Jusqu’à ce jour, les pratiques froides et sèches du luthérianisme n’avaient offert qu’un médiocre aliment à la sensibilité imaginative de la jeune femme ; l’expérience du mariage ne lui avait pas été plus favorable. Tous ses instincts de rêve et d’émotion, de ferveur et de tendresse trouvèrent soudain leur emploi dans les rites mystérieux et les pompes magnifiques de l’orthodoxie. Sa piété s’exalta merveilleusement. Elle connut alors des plénitudes et des élans qu’elle ne soupçonnait pas.

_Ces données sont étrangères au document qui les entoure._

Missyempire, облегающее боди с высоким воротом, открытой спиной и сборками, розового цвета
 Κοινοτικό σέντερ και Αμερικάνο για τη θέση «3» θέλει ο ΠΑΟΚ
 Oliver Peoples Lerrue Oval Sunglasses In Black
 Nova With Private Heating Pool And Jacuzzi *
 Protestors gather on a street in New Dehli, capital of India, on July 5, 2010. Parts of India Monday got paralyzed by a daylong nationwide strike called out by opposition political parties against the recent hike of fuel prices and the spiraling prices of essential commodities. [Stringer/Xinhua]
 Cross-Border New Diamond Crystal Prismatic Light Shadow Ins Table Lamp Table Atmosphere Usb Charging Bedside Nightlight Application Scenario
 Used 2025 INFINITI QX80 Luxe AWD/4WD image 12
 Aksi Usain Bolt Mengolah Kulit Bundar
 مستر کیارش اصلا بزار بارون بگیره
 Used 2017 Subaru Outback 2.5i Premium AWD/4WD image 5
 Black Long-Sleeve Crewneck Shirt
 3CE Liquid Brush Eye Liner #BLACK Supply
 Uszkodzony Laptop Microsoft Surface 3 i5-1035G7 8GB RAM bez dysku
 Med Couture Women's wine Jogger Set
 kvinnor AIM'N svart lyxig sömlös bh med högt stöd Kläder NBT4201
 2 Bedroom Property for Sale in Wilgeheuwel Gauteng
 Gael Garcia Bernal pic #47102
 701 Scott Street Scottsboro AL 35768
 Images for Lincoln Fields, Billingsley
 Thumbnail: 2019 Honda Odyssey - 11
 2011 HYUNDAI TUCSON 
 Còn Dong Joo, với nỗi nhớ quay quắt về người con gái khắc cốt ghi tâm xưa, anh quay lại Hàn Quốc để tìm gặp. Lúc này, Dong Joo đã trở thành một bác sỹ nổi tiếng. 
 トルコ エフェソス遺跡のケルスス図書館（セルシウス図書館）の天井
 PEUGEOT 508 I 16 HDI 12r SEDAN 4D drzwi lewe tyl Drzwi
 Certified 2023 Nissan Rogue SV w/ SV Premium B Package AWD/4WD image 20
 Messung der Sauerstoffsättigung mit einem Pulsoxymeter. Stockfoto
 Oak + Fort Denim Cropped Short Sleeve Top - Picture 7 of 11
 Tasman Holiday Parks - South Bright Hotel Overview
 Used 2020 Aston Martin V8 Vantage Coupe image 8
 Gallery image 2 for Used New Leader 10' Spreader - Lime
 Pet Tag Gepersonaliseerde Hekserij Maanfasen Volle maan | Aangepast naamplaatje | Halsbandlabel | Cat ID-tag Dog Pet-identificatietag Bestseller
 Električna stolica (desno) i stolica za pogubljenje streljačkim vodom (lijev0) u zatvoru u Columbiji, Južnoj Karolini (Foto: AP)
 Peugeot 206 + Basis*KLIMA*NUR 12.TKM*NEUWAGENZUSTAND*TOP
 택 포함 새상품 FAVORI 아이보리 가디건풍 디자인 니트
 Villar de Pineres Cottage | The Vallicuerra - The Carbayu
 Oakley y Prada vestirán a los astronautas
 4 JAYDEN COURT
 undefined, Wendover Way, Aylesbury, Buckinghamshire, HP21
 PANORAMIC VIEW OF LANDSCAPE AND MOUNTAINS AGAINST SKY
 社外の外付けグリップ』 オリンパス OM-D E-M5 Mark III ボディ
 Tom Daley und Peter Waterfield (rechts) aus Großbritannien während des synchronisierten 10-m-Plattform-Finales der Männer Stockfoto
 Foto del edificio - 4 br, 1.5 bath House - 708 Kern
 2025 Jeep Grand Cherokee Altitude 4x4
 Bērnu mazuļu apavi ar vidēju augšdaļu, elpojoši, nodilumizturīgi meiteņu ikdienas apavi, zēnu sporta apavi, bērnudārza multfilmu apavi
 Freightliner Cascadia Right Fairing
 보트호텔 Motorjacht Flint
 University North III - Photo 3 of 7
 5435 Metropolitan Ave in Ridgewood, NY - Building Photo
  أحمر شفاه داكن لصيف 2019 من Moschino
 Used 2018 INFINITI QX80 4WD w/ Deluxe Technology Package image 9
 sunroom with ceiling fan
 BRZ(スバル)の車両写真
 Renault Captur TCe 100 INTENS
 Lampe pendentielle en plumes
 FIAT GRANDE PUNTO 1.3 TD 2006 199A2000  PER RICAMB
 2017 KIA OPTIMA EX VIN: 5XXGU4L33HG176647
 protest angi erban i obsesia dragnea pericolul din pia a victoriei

Dans l’éclat de son Gouvernement général, qui équivalait à une vice-royauté, Serge Alexandrowitch apparut bientôt comme le protagoniste de la croisade réactionnaire qui résume toute la politique intérieure du « très pieux tsar Alexandre III. » Un de ses premiers actes fut d’expulser en masse les Juifs qui s’étaient peu à peu infiltrés à Moscou et de les refouler brutalement dans leurs ghettos des provinces occidentales. Puis il édicta une série de mesures asservissantes ou vexatoires contre les professeurs et les étudiants de l’Université. Il adopta enfin une altitude hautaine envers les bourgeois pour leur faire sentir que leur libéralisme, si modeste fût-il, n’était pas de son goût. Comme il advient toujours en pareil cas, les officiers et fonctionnaires de son entourage se plaisaient à exagérer ses manières cassantes. L’animosité générale qu’il s’attirait ainsi le remplissait d’orgueil.

Au mois de mai 1896, le sacre de Nicolas II marqua une date radieuse pour l’autocratisme orthodoxe. L’idéal des Tsars moscovites, l’intime alliance du Sacerdoce et de l’Empire, s’affirmait comme la pensée directrice du nouveau règne. La catastrophe du Champ Khodinsky, où 2 000 moujiks périrent par l’inadvertance de la police, projeta néanmoins une ombre sinistre, quoique passagère, sur le décor illuminé de la Ville sainte.

Deux ans plus tard, on inaugura au Kremlin, devant la Cathédrale de l’Archange, le monument du « Tsar martyr » Alexandre II. Au cours des cérémonies dont ce fut l’occasion, le Procureur suprême du Saint-Synode, Constantin Pobédonostsew, reçut la plus haute distinction honorifique de l’Empire, l’ordre insigne de Saint-André, fondé en 1698 par Pierre le Grand. L’armée « orthodoxe et très chrétienne » fut associée aux fêtes par une magnifique revue.